Рядом лежит весло. Лодку толкнули, тяжело. Залезли в лодку. Старались отпихнуться подальше. Несет на порог, на камни. Страшновато. Я у комбата спрашиваю:

- Плавать умеете?

- Нет.

А я плаваю хорошо, как рыба в воде, на реке вырос. Лодку не удержать, страшный порог. Я знаю, что не утону, не погибну на этом пароме, выплыву, сброшу сапоги, а вот комбат – навряд ли. Но благополучно. Весь порог прошли, даже бортом нигде не зацепили.

Чтобы сделать переправу, надо было натянуть через реку канат. Каната у нас не было, сделали из проводов, несколько штук связали. Ширина реки метров 120, как раз разлив. Привязали канат, тросик. Отъехал метров 30, мешает этот трос грести, устал уже. Лодка большая. Батарея стоит, все ждут. Минут 15 посидел, отдохнул. На третий раз, наконец, натянул. Закрутил на том берегу за дерево, назад лодку перегнал. А где же комбат? А он отключился, он в шоке. Тоже думал, что хана нам на порогах. Говорю: «Сейчас переплыву с разведчиками. На этой же лодке будет переправляться». Колька Нечаев, младший сержант, хороший парень, вот мы с ним поплыли. На первой лодке переправили разведчиков, связистов и двух верховых лошадей (у нас было 40 лошадей, из них 5 верховых - командира батареи и разведчиков). Мы вдвоем сели на лошадей, поехали искать часть. Никакого не нашел, такой был развал, все части перемешались.

Стали просто искать прибежище после переправы, чтобы погреться, покушать. Мы уже знали, что можно переправиться, но не знали, куда ехать. Бездорожье, ни моста, ничего нет.

Комбат был хороший хозяин. Но данные ему я готовил. Я любил географию, изучал карту, планшеты. Знал уже тригонометрию, так как за 9-й класс самостоятельно прошел занятия. А для него синус, косинус – пустые слова, а без этого управлять стрельбой невозможно.

Стреляющих три человека: командир батареи, командир взвода управления и командир отделения разведки. Все они по положению должны знать и стрелять, даже «катюшами». Стреляющий находится не на батарее, а там, откуда видна цель, куда стрелять.

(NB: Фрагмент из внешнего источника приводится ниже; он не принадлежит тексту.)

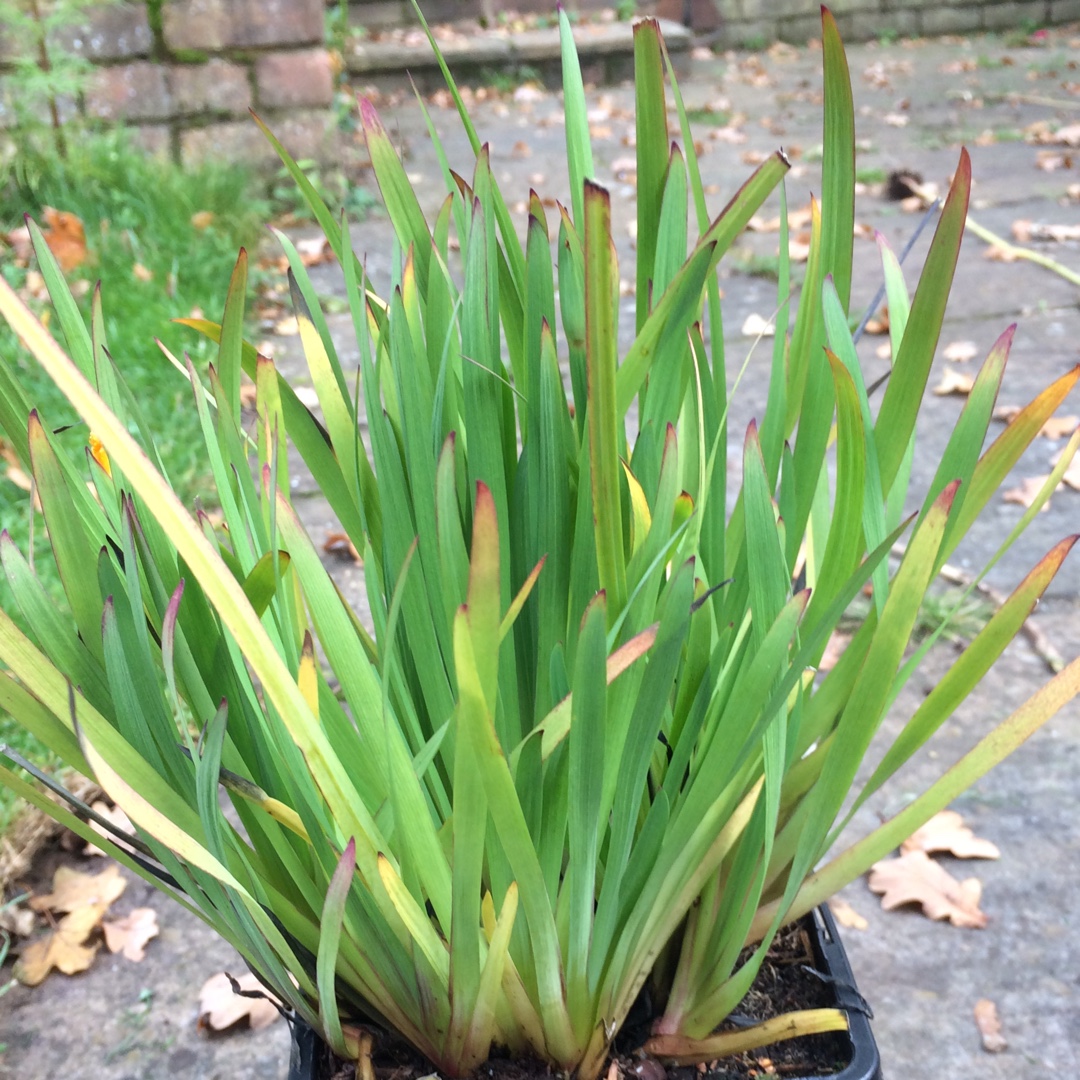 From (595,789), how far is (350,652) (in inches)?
6.2

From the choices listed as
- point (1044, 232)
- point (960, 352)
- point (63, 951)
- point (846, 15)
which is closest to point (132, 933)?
point (63, 951)

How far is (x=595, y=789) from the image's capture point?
528mm

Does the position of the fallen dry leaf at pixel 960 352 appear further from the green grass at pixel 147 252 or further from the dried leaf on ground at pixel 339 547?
the green grass at pixel 147 252

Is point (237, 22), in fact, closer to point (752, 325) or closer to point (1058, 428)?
point (752, 325)

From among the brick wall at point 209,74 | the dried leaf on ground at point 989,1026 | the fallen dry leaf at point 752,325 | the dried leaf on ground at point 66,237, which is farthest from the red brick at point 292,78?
the dried leaf on ground at point 989,1026

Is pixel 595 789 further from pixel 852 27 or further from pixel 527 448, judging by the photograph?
pixel 852 27

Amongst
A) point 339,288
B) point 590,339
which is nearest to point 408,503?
point 590,339

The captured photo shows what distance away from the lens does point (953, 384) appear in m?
2.33

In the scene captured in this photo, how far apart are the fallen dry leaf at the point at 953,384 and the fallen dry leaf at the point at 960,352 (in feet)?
0.44

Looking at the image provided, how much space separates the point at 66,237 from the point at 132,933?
2096 mm

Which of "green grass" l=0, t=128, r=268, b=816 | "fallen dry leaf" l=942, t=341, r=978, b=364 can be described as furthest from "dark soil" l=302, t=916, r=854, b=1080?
"fallen dry leaf" l=942, t=341, r=978, b=364

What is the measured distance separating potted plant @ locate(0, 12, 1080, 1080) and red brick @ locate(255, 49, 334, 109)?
3098 mm

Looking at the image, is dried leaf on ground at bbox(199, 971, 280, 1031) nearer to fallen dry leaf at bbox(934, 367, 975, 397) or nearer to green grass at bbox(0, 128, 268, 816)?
green grass at bbox(0, 128, 268, 816)

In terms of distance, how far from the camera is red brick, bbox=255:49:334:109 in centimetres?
339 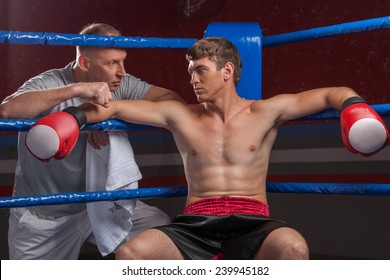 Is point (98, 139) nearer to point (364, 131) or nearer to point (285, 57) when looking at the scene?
point (364, 131)

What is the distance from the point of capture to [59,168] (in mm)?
2043

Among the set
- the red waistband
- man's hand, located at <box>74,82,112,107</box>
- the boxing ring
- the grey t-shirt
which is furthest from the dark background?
man's hand, located at <box>74,82,112,107</box>

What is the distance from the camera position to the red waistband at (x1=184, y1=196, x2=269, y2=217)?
5.55 feet

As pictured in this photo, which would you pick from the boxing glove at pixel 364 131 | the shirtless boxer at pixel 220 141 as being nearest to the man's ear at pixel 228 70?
the shirtless boxer at pixel 220 141

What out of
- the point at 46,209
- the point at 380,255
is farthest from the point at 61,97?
the point at 380,255

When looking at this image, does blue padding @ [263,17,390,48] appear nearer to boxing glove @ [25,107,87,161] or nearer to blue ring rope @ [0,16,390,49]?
blue ring rope @ [0,16,390,49]

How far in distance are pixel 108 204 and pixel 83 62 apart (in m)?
0.42

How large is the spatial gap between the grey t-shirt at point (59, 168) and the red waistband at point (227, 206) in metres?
0.41

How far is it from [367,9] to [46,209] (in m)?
2.11

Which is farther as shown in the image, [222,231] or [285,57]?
[285,57]

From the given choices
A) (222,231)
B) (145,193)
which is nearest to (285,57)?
(145,193)

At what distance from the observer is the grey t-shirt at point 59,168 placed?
1972 millimetres

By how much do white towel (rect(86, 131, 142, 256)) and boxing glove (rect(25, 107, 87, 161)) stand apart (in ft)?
0.95
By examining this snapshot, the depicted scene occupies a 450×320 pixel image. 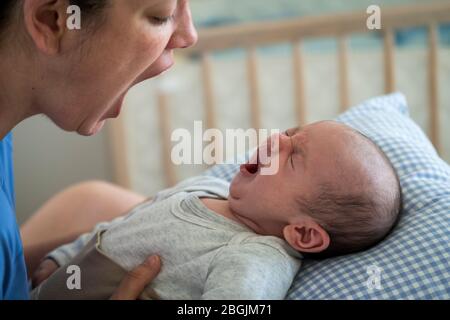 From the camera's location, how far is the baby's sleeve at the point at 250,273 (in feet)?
2.80

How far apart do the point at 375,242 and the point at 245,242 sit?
0.70 ft

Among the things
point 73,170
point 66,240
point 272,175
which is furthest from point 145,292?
point 73,170

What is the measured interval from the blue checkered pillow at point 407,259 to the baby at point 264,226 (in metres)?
0.03

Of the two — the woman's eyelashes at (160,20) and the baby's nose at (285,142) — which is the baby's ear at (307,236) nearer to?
the baby's nose at (285,142)

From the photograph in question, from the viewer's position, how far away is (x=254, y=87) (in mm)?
1938

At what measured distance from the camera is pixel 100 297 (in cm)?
106

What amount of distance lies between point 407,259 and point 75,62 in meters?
0.59

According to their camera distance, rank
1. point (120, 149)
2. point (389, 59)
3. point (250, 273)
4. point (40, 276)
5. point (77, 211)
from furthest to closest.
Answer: point (120, 149) → point (389, 59) → point (77, 211) → point (40, 276) → point (250, 273)

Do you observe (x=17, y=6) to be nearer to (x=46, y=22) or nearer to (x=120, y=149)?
(x=46, y=22)

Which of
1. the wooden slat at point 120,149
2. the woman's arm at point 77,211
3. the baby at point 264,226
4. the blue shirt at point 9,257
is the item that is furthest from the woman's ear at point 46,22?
the wooden slat at point 120,149

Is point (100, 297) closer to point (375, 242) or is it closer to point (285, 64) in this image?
point (375, 242)

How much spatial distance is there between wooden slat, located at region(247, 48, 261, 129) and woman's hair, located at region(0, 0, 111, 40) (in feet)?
3.45

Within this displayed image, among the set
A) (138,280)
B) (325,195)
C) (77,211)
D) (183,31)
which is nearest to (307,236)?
(325,195)

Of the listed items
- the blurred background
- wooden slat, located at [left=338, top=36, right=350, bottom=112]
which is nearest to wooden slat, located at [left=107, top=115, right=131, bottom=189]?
the blurred background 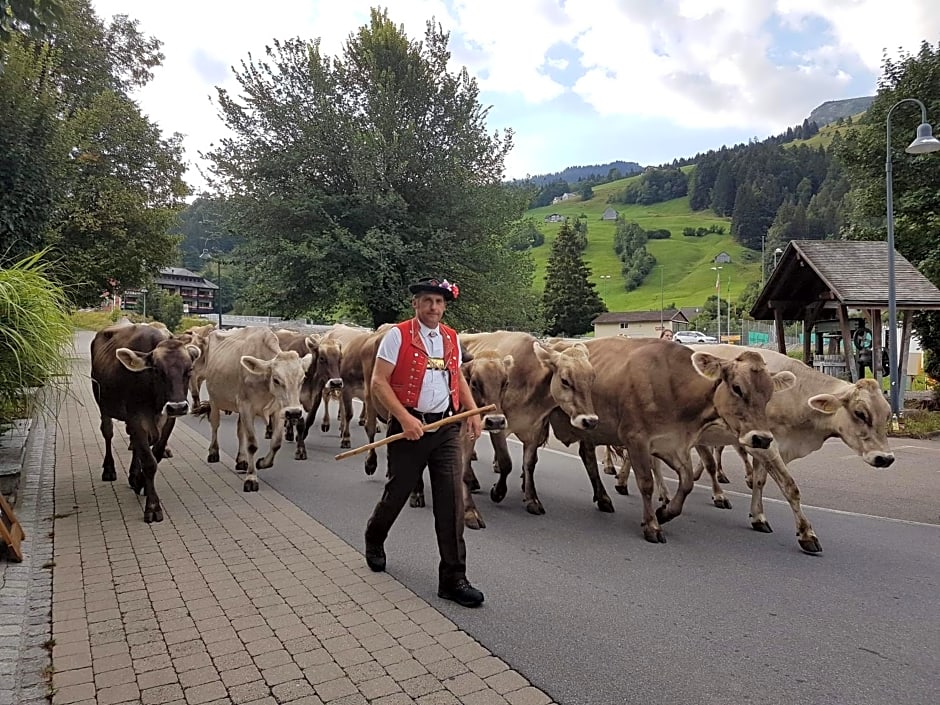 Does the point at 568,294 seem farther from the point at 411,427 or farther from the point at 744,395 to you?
the point at 411,427

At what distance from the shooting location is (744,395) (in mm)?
6301

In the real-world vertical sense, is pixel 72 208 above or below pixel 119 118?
below

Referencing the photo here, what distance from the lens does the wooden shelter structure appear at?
15491mm

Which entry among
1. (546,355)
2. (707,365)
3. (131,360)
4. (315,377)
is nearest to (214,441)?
(315,377)

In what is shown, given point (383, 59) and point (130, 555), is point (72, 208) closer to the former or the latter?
point (383, 59)

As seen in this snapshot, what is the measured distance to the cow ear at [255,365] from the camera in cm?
898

А батарея спрятана, чтобы ее не видно было. Миномет стреляет с укрытия, на ровном месте никогда не стреляет.

Главное для стрельбы – правильно поставить точку, где цель, и точку, откуда вести стрельбу. Стреляющий находится в стороне. Нужно функции через косинус, синус определять, поэтому я готовил данные, подсказывал комбату. Есть наводчик, но он наводит только на вешку. Наводчик прямой наводкой стреляет только против танков из 45-ки. А у нас просто вешки были расставлены. У каждого миномета есть вешка, чтобы наводчик знал, куда ориентироваться.

- Относительно чего ставилась вешка?

- Ставилась, чтобы ее было видно. Каждый миномет имеет вешку. Вешку ставят по буссоли, но с отклонением. Выбирают вешку, где видно. Корректирует офицер батареи: «Буссоль такая-то». У него есть угломер, основная вешка. Угломер – отклонение от вешки вправо или влево.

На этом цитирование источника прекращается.